Spark Structured Streaming

In this tutorial you will:

Discover the Spark Structured Streaming API
Cover its advantages
Compare its usage with Spark Streaming
Create an application for stream processing
Consume a Kafka topic in spark and produce message into another Kafka topic

A prerequisite to execute the following tutorial is to be connected to the edge-1 node via SSH.

We will use Kafka cluster consisting of 3 nodes (kfk-brk-1.au.adaltas.cloud, kfk-brk-2.au.adaltas.cloud and kfk-brk-3.au.adaltas.cloud) all listening on port 6667 and ZooKeeper quorum (zoo-1.au.adaltas.cloud:2181,zoo-2.au.adaltas.cloud:2181,kfk-brk-3.au.adaltas.cloud:2181/kafka). Please, read Kafka basics before.

Note: We will need Kerberos authentication, so make sure you have a valid Kerberos ticket before continuing (see here for details).

When to choose Spark Structured Streaming

Spark Structured Streaming is a scalable and fault-tolerant stream processing engine built on the Spark SQL Engine. Structured Streaming provides fast, scalable, fault-tolerant, end-to-end exactly-once stream processing without the user having to reason about streaming.

Note: Structured Streaming should not be confused with Spark Streaming, it’s predecessor.

Alternatives for Spark Structured Streaming are Kafka Streams, Apache Flink, Apache Storm, Apache Samza, Apache Flume, Amazon Kinesis Streams.

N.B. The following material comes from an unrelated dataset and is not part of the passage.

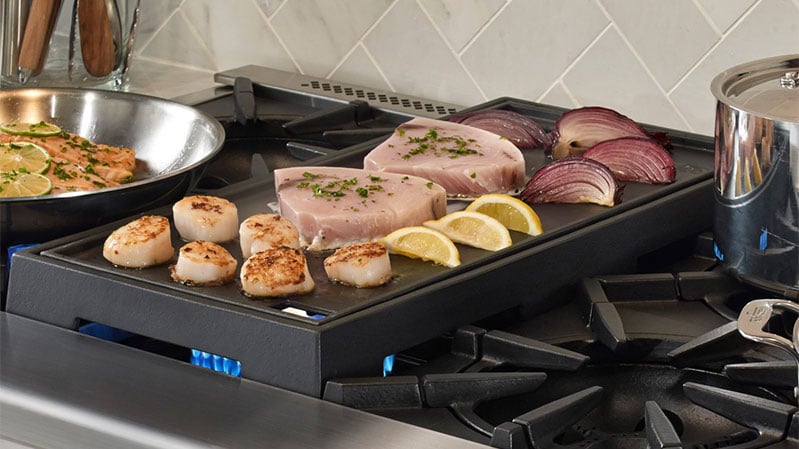 grill-griddle-accessory-bluestar-platinum-1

Spark Structured Streaming provides high reliability, resiliency and throughput, it is widely used for highly load systems. It should be chosen if:

Latency is not the most critical for your project
Manipulations with data could be quite sophisticated. In fact, you can apply Spark’s machine learning and graph processing algorithms on data streams.
Input and/or output data could be in different sources. Data can be ingested from many sources like Kafka, Kinesis, or TCP sockets, and can be processed using complex algorithms expressed with high-level functions like map, reduce, join and window. Finally, processed data can be pushed out to filesystems, databases, and live dashboards.
You need use Python or R, besides Scala and Java as programming language

Structured Streaming vs. Spark Streaming

Spark Streaming receives live input data streams and divides the data into batches, which are then processed by the Spark engine to generate the final stream of results in batches. Each batch represents an Resilient Distributed Dataset (RDD).

The key idea in Structured Streaming is to treat a live data stream as a table that is being continuously appended. This leads to a new stream processing model that is very similar to a batch processing model. You will express your streaming computation as standard batch-like query as on a static table, and Spark runs it as an incremental query on the unbounded input table. Thus Structured Streaming uses DataFrames which are more optimized in terms of processing and provide more options for aggregations and other operations with a variety of functions available (in Spark 2.4 new functionality was added).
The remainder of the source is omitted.